Et si le Ministère de la Culture et de la Communication (MCC) d’Haïti franchissait un cap décisif en modernisant le financement des activités culturelles ? Dans un contexte de crise économique et politique persistante, la culture reste l’un des rares piliers vivants de la nation. Pourtant, les initiatives culturelles, nombreuses et dynamiques à travers tout le territoire, peinent à obtenir le soutien qu’elles méritent.
Haïti est un vivier de créativité reconnu au niveau international. La Banque Interaméricaine de Développement (BID) soulignait déjà en 2018 que « Haïti est connue pour la richesse de ses traditions culturelles et la créativité de ses artistes ». De l’artisanat vodou aux écrivains et musiciens influents de la diaspora, la culture haïtienne rayonne bien au-delà de ses frontières. Mais cette vitalité artistique reste trop souvent marginalisée dans les politiques publiques nationales.
Un pays culturellement actif mais institutionnellement négligé
De Gonaïves aux Cayes, en passant par Ouanaminthe, Cap-Haïtien ou Port-de-Paix, des festivals, salons du livre, concours, marchés de Noël ou événements poétiques sont organisés par des acteurs locaux. À l’Artibonite, le festival Pen GONAÏVES PAWOLI célèbre la littérature contemporaine ; à Jérémie, le Festival national de la poésie fait vibrer les mots ; dans le Sud, Okay ap li donne vie aux livres. Ces activités, bien que nombreuses et structurées, ne bénéficient pas d’un appui institutionnel cohérent.
Qu’est-ce qu’un financement culturel moderne ?
Le financement culturel désigne l’ensemble des ressources allouées à des initiatives artistiques, allant de subventions aux festivals à des bourses pour écrivains. L’UNESCO, via son Fonds international pour la diversité culturelle (FIDC), promeut un modèle de financement fondé sur l’appel à projets, l’équité et la transparence. Ce modèle peut inspirer Haïti.

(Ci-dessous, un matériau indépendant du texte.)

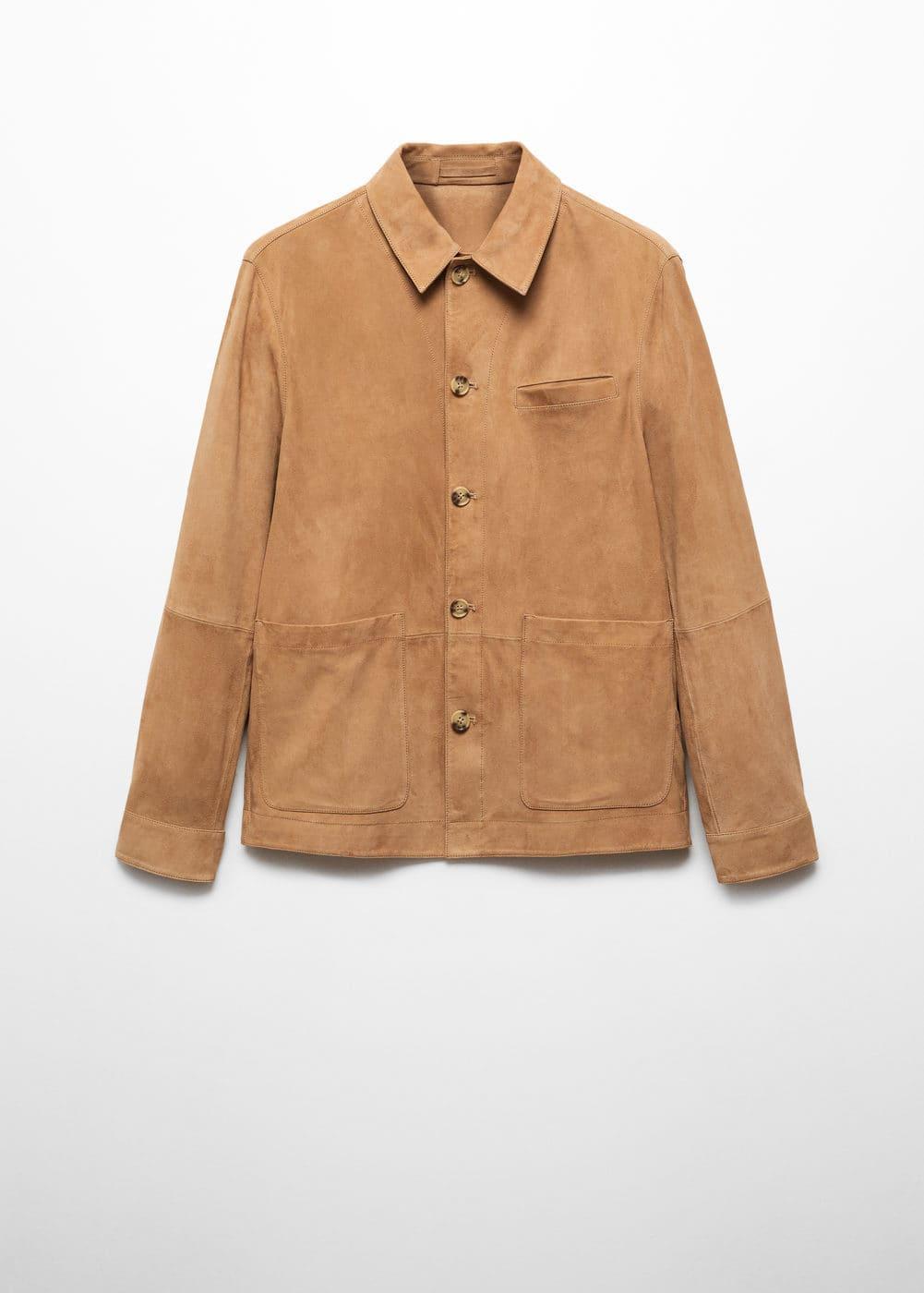 MANGO MAN - Suede leather overshirt with pocket medium brownMen Product Image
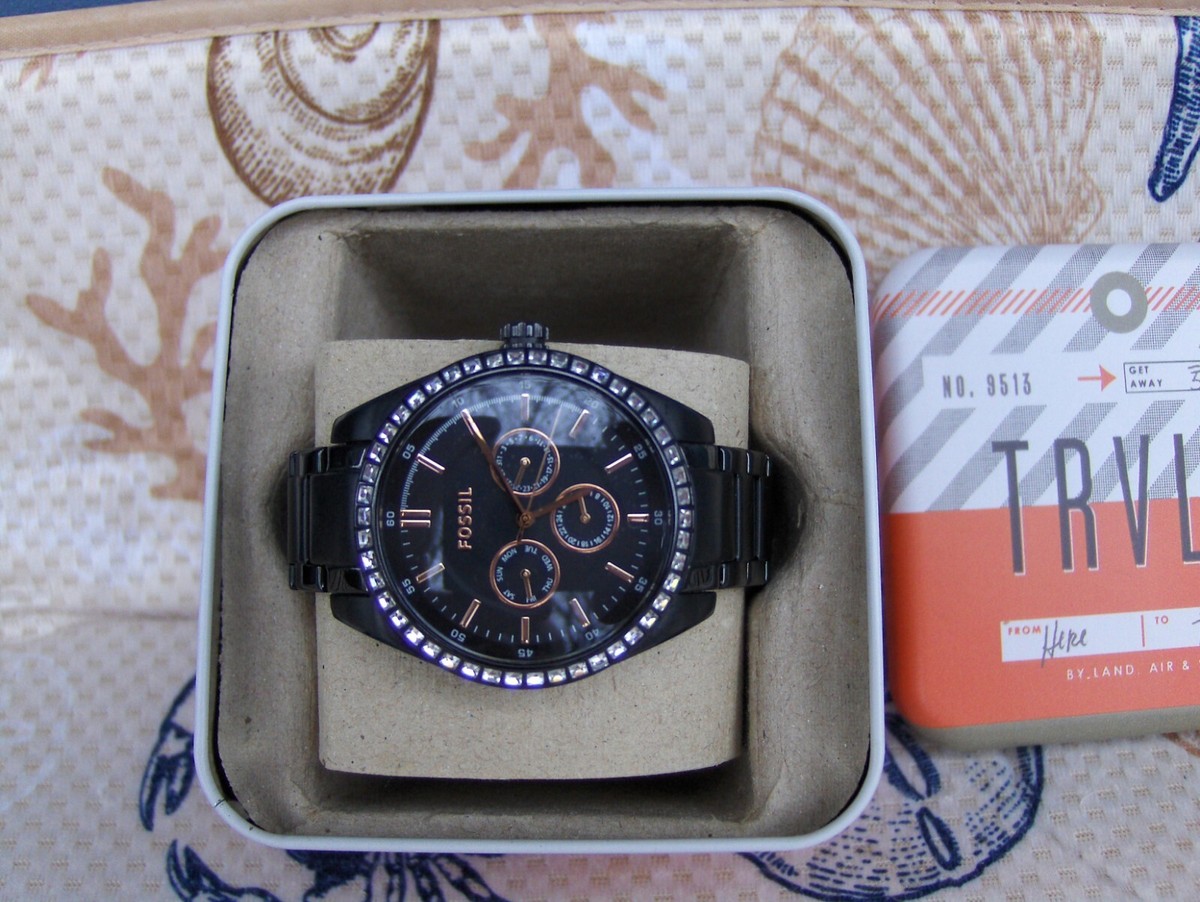 Fossil BQ1546 Multifunction Swarovski Crystal Carissa Women\'s Black Watch FOSSIL BQ1546 CARISSA BLACK STAINLESS BRACELET SWAROVSKI  main image 4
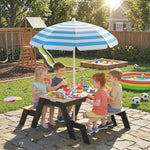 AIYAPLAY 3 In 1 Wooden Kids Picnic Table And Bench Set With Parasol, Natural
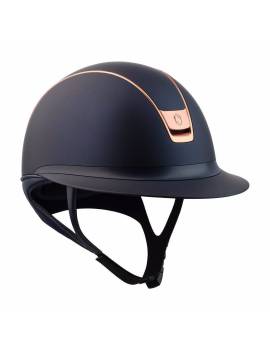 Casco equitación visera ancha mujer azul rosa dorado samshield miss shield rose gold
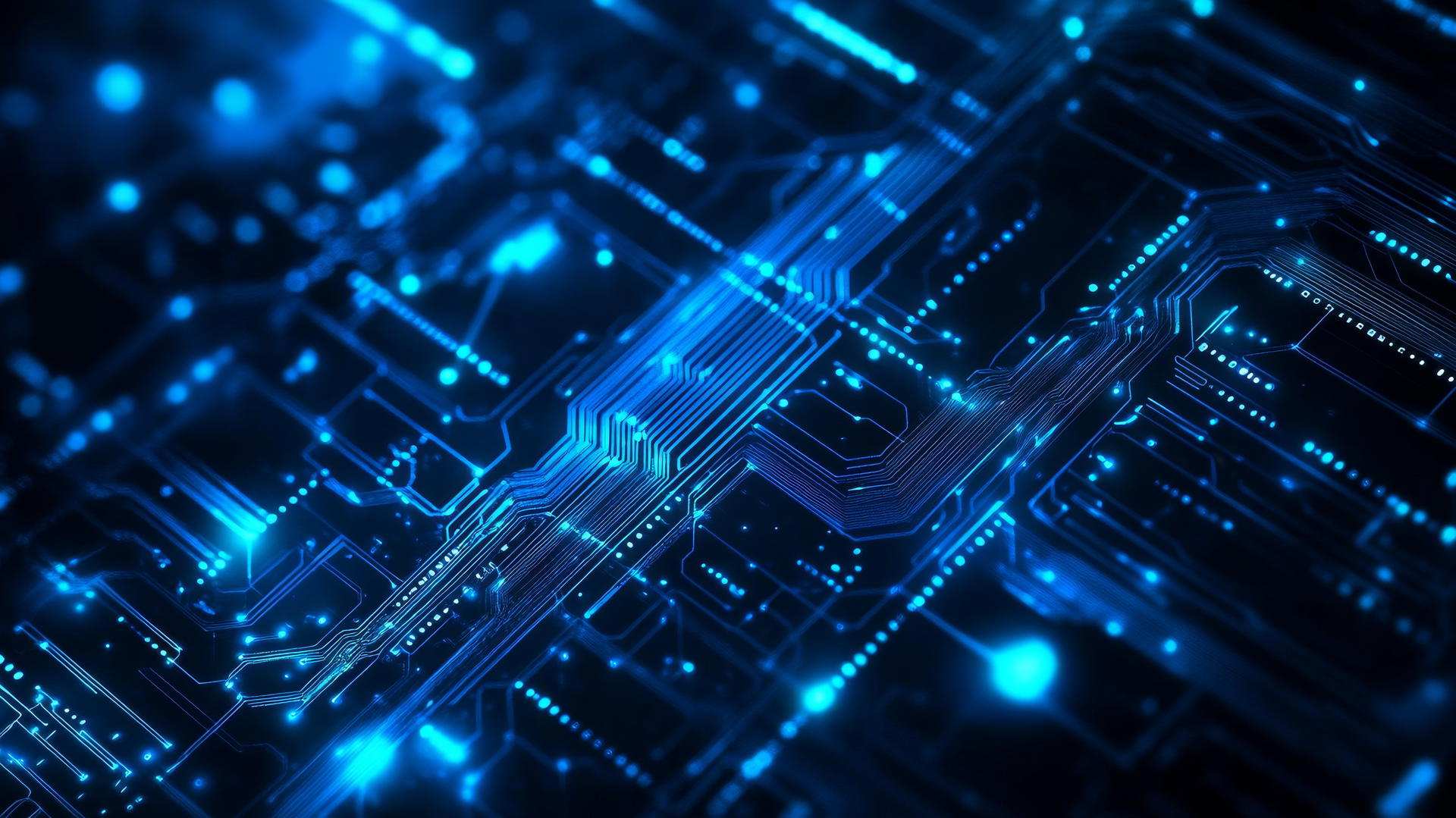blue wallpaper with glowing futuristic digital circuitry on a dark blue background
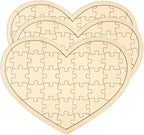 3 Pack Blank Wooden Heart Shaped Jigsaw Puzzle 11.2x8.4 Inch Unfinished Wooden by Cregugua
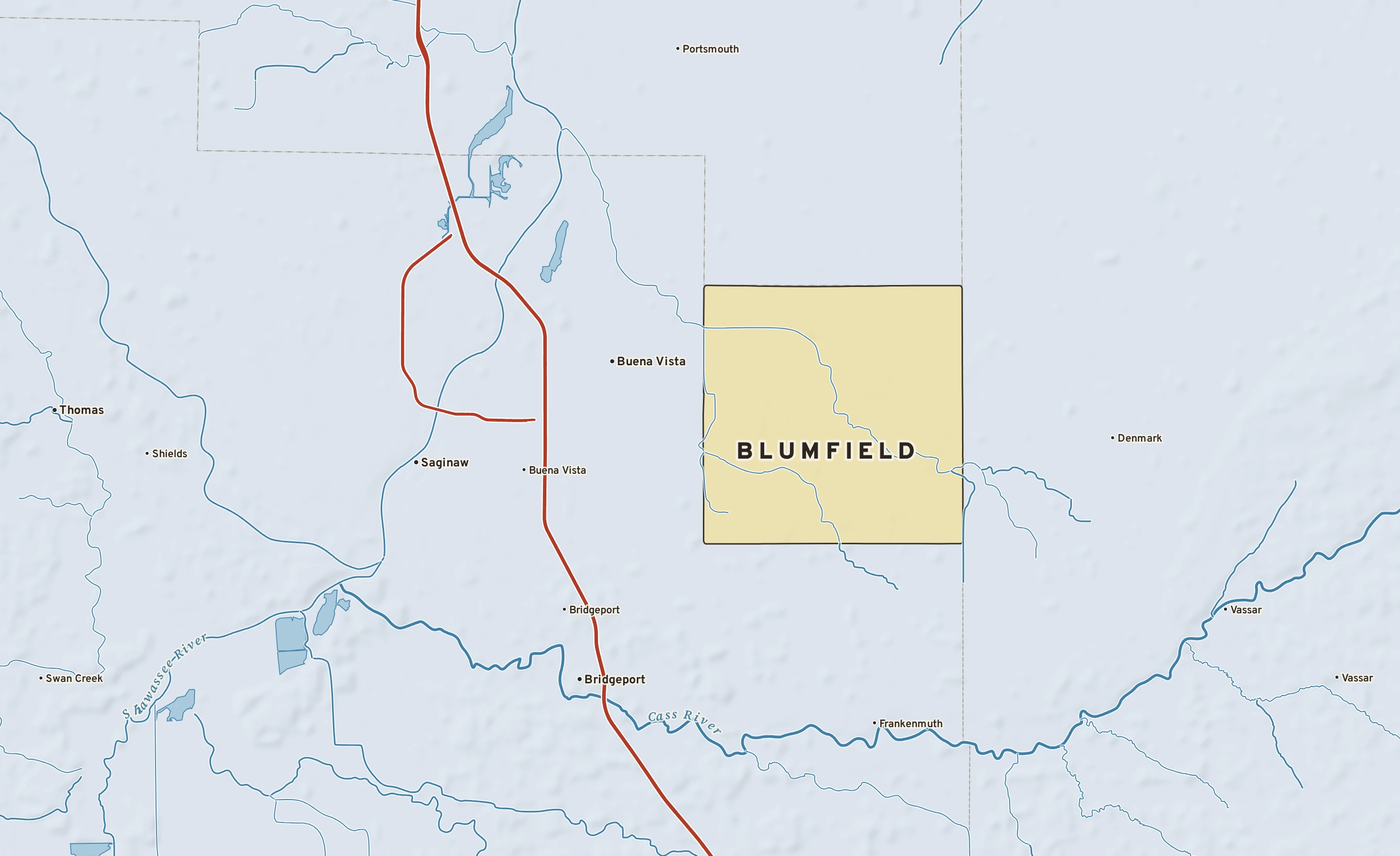 Shaded-relief atlas plate of Blumfield, Michigan: rivers, roads, the city limits and where the water drains.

Selon la BID, une politique de financement de la culture doit reposer sur :
- des subventions directes,
- des mesures fiscales incitatives,
- des partenariats publics-privés,
- une stratégie claire d’inclusion culturelle.
Une plateforme numérique et des appels à projets pour plus d’équité
Moderniser le système, c’est d’abord numériser les démarches : créer une plateforme en ligne pour soumettre les projets, assurer leur suivi, publier les bénéficiaires et les montants alloués. Ensuite, il faut que les subventions soient accessibles via des appels à projets nationaux et régionaux. Cela garantirait une distribution équitable des ressources, loin de la centralisation à Port-au-Prince.
Les critères de sélection doivent être publics et objectifs : pertinence culturelle, portée géographique, impact social, faisabilité. De plus, les bénéficiaires doivent rendre des comptes à travers des rapports financiers et narratifs.
Pour une politique culturelle décentralisée et inclusive
Une véritable politique de financement ne doit pas favoriser une élite urbaine ou politisée. Elle doit reconnaître toutes les formes d’expressions culturelles – du Rara au théâtre populaire – comme patrimoine vivant. Elle doit aussi rétablir l’équilibre entre les villes de province et la capitale. Un financement équitable renforcerait l’économie créative, créerait des emplois et permettrait à la jeunesse haïtienne d’oser l’art comme moyen d’émancipation.
En conclusion
La culture est un levier de développement, de cohésion sociale et d’identité nationale. La modernisation du financement culturel n’est plus une option mais une urgence. Le MCC est interpellé : il est temps de passer à une gouvernance culturelle équitable, numérique et décentralisée. Soutenir la culture, c’est investir dans l’avenir d’Haïti.